Given data

▬▬▬▬▬▬▬▬▬▬

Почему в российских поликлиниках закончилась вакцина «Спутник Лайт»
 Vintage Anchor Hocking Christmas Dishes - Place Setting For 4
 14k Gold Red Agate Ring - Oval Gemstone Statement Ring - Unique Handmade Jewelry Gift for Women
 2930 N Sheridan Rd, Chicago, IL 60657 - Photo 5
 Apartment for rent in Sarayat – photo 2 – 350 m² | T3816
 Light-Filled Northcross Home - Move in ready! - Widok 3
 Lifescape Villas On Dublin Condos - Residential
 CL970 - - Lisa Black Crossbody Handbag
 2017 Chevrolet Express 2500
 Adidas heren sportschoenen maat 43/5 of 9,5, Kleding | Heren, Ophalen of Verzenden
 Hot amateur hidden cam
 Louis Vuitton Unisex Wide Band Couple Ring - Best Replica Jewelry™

▬▬▬▬▬▬▬▬▬▬

Brief
All that is wanted is an exact copy of the lines above from the one with "14k Gold Red" through the one with "2017 Chevrolet Express 2500", with both ends included.

Answer below
 14k Gold Red Agate Ring - Oval Gemstone Statement Ring - Unique Handmade Jewelry Gift for Women
 2930 N Sheridan Rd, Chicago, IL 60657 - Photo 5
 Apartment for rent in Sarayat – photo 2 – 350 m² | T3816
 Light-Filled Northcross Home - Move in ready! - Widok 3
 Lifescape Villas On Dublin Condos - Residential
 CL970 - - Lisa Black Crossbody Handbag
 2017 Chevrolet Express 2500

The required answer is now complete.